Sie war gemeinsam mit Mitarbeiterinnen der Offenen Hilfen der Lebenshilfe und von der Gruppe "Herzo inklusiv" vor Ort. Alle gaben umfassend Informationen zum Thema, außerdem war ein Spieleparcours aufgebaut. Hier konnten sich die Besucher in der Geschicklichkeit üben; es ging um die visuelle, auditive und taktile Wahrnehmung und Motorik. Zum Beispiel musste mit dem Stift eine kurvige Strecke nachgefahren werden, allerdings im Spiegel. "Das ist ganz schön schwer, das kann ich dir sagen", fand nicht nur der sechsjährige Paul.

Besonders eingeladen waren Herzogenauracher Vorschulkinder. Die Tagesstätte St. Martin und das Don-Bosco-Kinderhaus nahmen die Einladung an. Vertreten war auch Annette Batz, eine Reha-Lehrerin für Sehbehinderte. Mit einer Simulationsbrille ausgestattet, konnte der Untergrund per Stock abgetastet werden. Auch das trug dazu bei, die Sinne zu schärfen und das Bewusstsein zu schaffen für die Probleme, die Menschen mit Behinderungen im Alltag haben. An den einzelnen Stationen waren zehn Angehörige des OBA-Rates eingesetzt, also Aktive der Offenen Behindertenarbeit. Diese Menschen mit geistiger Behinderung leiteten die Kinder durch den Parcours.

Gerade in Herzogenaurach geschehe im Bereich der Inklusion schon eine Menge. Darauf verwies Ulrich Wustmann, der Aufsichtsratsvorsitzende der Lebenshilfe. Denn Inklusion müsse richtig verstanden und dürfe nicht einfach verordnet werden, sondern müsse wachsen. Dazu halten die "Offenen Hilfen" der Lebenshilfe passende Angebote bereit. Man wendet sich damit an die Menschen mit Behinderungen, gleich welchen Alters, ebenso wie an die Eltern oder Betreuer. Da geht es unter anderem darum, dass Beratungen gegeben werden, auch schlicht um bürokratische Hemmnisse zu nehmen. Aber man steht auch aktiv zur Seite, informiert über aktuelle Themen, wie die geeigneten Wohnformen oder auch das Verliebtsein und die Sexualität. Da sagte Ute Meindel, die Leiterin der Offenen Hilfen in Herzogenaurach.

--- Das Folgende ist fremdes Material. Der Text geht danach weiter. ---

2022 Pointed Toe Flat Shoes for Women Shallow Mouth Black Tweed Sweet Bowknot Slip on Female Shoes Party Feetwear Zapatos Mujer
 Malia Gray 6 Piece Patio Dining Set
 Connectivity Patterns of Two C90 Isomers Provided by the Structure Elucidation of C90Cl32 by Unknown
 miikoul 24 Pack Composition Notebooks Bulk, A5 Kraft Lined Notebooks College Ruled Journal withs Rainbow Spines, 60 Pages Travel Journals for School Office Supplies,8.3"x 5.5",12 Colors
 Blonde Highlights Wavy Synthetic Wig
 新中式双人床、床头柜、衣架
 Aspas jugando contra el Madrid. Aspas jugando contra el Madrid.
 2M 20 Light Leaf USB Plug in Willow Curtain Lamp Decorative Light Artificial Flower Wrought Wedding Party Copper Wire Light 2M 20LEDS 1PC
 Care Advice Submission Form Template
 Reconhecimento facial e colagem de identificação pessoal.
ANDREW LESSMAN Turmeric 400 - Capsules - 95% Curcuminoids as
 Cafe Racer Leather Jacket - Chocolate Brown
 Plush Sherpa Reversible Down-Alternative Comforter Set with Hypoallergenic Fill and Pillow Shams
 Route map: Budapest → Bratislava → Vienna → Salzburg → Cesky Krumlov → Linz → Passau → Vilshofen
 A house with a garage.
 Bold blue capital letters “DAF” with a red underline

Gesucht werden auch immer wieder interessierte Bürger, die ehrenamtlich mitwirken möchten. Beispielsweise soll es ermöglicht werden, dass man mit einem behinderten Menschen die Freizeit verbringt, quasi im 1:1-Kontakt. Damit können auch die Familien entlastet werden.

Seit 2016 gibt es in Herzogenaurach eine Gruppe, die sich "Herzo inklusiv" nennt. Auch deren Arbeit möchte das Zusammenleben von Menschen mit und ohne Beeinträchtigung verbessern. Vertreten sind darin mehrere Einrichtungen und Initiativen, wie die VHS oder die Stadtbücherei, die beide am Infotag zugegen waren. Da geht es vor allem um Freizeit- und Kulturangebote, wie Annika Lang erläuterte. Die Projektbeauftragte der Lebenshilfe für die Inklusion macht darauf aufmerksam, dass man die Angebote auf der Internetseite www.herzogenaurach.de/herzoinklusiv finden kann.